== The problem ==
The word "Jose" may appear in some lines of the data; copy every such line.

═════ Dataset records

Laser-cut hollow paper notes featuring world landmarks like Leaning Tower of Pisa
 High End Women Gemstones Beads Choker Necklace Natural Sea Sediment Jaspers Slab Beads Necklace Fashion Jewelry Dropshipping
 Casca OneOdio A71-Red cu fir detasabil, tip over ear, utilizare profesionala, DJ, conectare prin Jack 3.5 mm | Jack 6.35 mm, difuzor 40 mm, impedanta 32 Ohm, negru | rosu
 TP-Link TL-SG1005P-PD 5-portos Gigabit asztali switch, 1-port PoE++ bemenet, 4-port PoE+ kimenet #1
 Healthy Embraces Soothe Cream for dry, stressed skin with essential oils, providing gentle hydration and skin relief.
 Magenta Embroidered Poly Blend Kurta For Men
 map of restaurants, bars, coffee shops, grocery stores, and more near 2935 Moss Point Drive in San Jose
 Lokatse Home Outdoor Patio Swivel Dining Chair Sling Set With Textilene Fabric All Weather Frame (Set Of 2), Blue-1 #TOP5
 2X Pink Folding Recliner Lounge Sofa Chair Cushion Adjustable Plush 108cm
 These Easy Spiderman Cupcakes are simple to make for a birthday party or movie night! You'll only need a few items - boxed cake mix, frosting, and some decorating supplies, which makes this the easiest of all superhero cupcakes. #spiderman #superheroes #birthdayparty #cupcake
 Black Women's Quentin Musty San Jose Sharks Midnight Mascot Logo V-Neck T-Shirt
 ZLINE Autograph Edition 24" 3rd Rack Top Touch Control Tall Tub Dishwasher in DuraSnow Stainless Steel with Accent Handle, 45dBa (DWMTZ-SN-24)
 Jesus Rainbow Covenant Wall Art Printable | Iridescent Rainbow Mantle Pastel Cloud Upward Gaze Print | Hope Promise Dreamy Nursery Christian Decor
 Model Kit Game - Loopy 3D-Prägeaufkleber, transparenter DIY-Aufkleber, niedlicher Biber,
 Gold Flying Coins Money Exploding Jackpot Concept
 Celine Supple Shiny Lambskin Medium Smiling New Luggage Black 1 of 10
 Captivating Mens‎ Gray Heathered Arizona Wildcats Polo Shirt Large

══════════

== Task output ==
 map of restaurants, bars, coffee shops, grocery stores, and more near 2935 Moss Point Drive in San Jose
 Black Women's Quentin Musty San Jose Sharks Midnight Mascot Logo V-Neck T-Shirt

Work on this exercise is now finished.